When he walked to the middle at the early fall of the first wicket on the first morning, Lara's own fortunes, and those of West Indies cricket, were at a lower ebb than they have ever been.

England, an old enemy for reasons beyond cricket alone, had heaped humiliation on Lara and his team. The embarrassment had been compounded by the cheers and the taunts of the England supporters, who filled as much as three-quarters of the stands at Kensington Oval, once the impenetrable fortress of West Indies cricket where the collapse to 94 all out opened the way to the victory that retained the Wisden Trophy for England.

So, as Lara took guard, England were on the verge of the unthinkable, the first clean sweep of a series in the Caribbean by any visiting team.

As for his captaincy, Lara's tactics, always unconventional, were now widely seen as simply illogical. His second tenure as captain was proving even more disastrous than his first and calls for his replacement were becoming more widespread and strident.

He himself, the team's only batsman fit to be ranked among the best of the day, indeed of all time, had been dismissed cheaply in the six previous innings.

 

He had jumped around uncertainly at the crease in a vain effort to counter England's fast, bouncing bowling on fast, bouncing pitches. For the first time in his career, he had been dismissed without scoring in two successive innings.

At his home ground, the Queen's Park Oval, he had slipped himself down to as low as No. 6 in the second innings, describing it as a "tactical" decision but transmitting to England a leader abrogating his responsibility.

It was an error he recognised for he was back at No.3 in the following Tests, his natural place but one he had not filled for three years.

The burden he carried into the match was, therefore, greater than any West Indies captain could ever have known — except he himself.

As he acknowledged, he was once more drinking in the last chance saloon.

"The next five days are very important in terms of my future as captain," he said prior to the match. "No captain, no team, wants to go down for the first time in their history as losing all their Test matches at home."

But he had travelled the same rocky path before and he knew the way out.

 

In the second season of his first spell as captain, his leadership was roundly and publicly criticised by the West Indies Cricket Board (WICB) after the ill-starred 1998-99 tour of South Africa where all five Tests and six of the one-day internationals were lost.

The failure was compounded by Lara's failure against the pace of Allan Donald and Shaun Pollock that left him without a hundred in either form of the game, a modest average in the mid-30s in the Tests.

The Board accentuated its censure by renewing Lara's captaincy for only two Tests of the ensuing home series against Australia.
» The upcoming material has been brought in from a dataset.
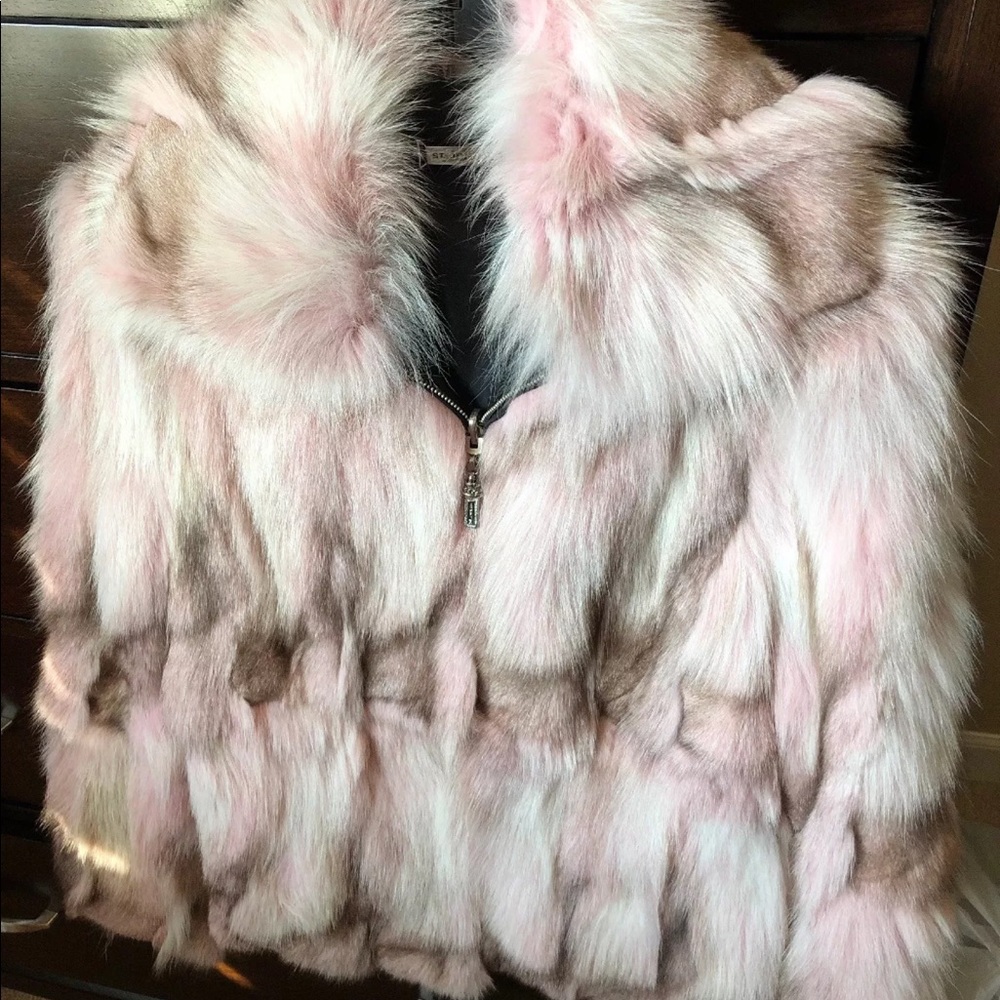 St. John pink 100% fox jacket. NWOT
He was, effectively, on probation and when a team even weaker in batting than it is now, collapsed to 51 all out to lose the first Test by a mile, his position hung on a thin thread.
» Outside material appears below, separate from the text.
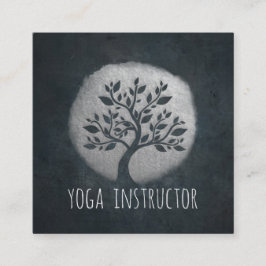 Yoga Meditation Reiki-instruktör Black Silver Träd Fyrkantigt Visitkort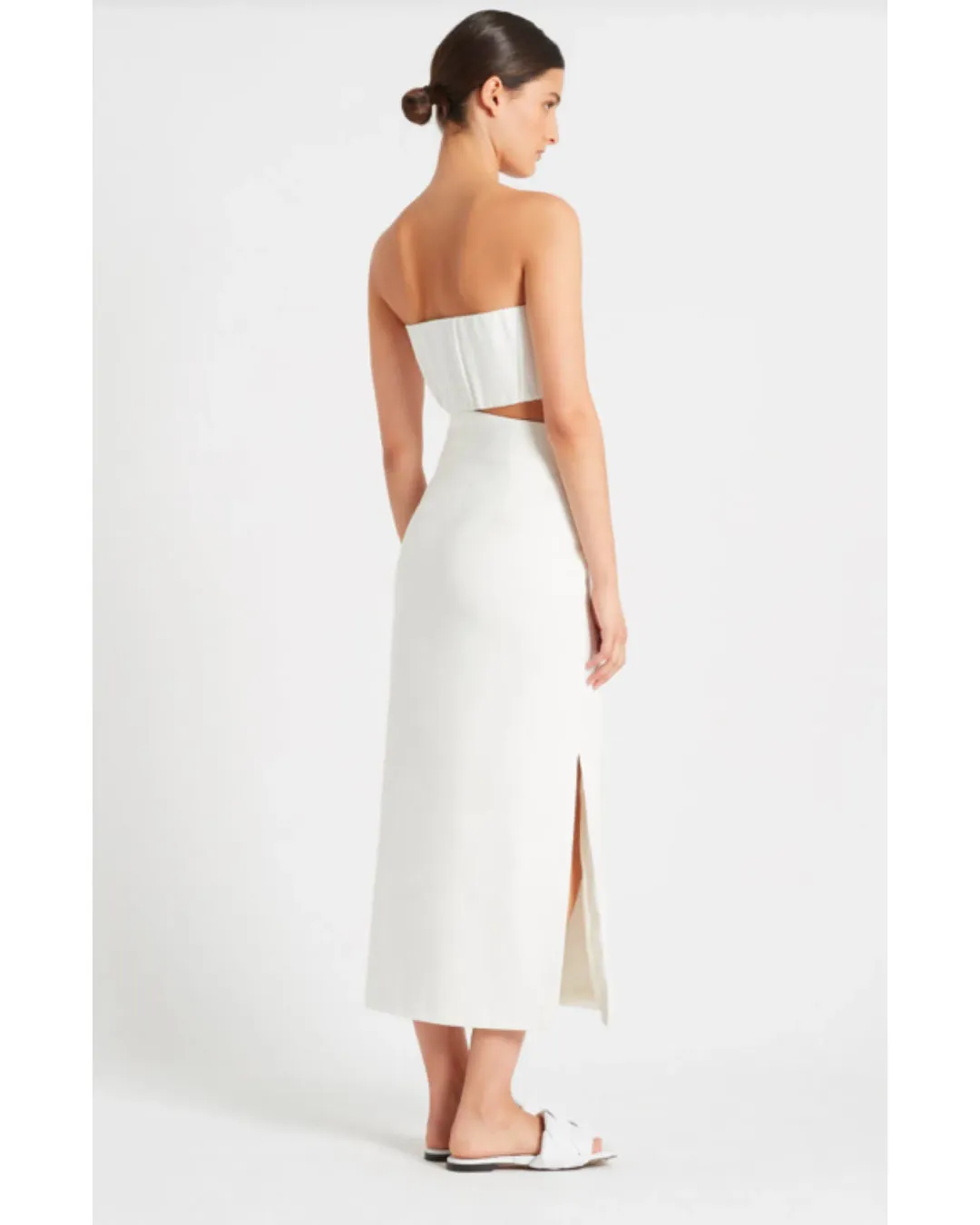 Sir the Label Yves Strapless Dress White Size AU 10 for rent on The Volte - main image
The burden was as intense at the end of the opening day of the second Test in Kingston as it was in Antigua this time.

The West Indies were 34 for four, replying to Australia's 256, and yet another collapse to defeat seemed inevitable.

What followed was the stuff of dreams.

 

In spite of — or, more probably, because of — his own and his team's crisis, Lara amassed 213 and followed with an unbeaten 153 in the second innings of the next Test, still arguably his finest Test innings, that virtually single-handedly sent the West Indies into an implausible 2-1 lead in the series.

He reeled off a third hundred in the last Test but it was not enough to prevent Steve Waugh's desperate team claiming victory that earned them a share of the spoils.

 

In the final Test against England, the series was already gone but as much was at stake. Each time, his performance rekindled the confidence and assuaged the anguish of people to whom cricket is all but life itself.

In 1999, the revival was short-lived. Within a year, Lara was resigning the captaincy, citing "modest success and devastating failure" during his stewardship and taking a break from the game.

Only time will tell whether the impact is of more lasting significance but, for the time being, West Indians are relishing the reflected glory of the greatest batting achievement in Test cricket history.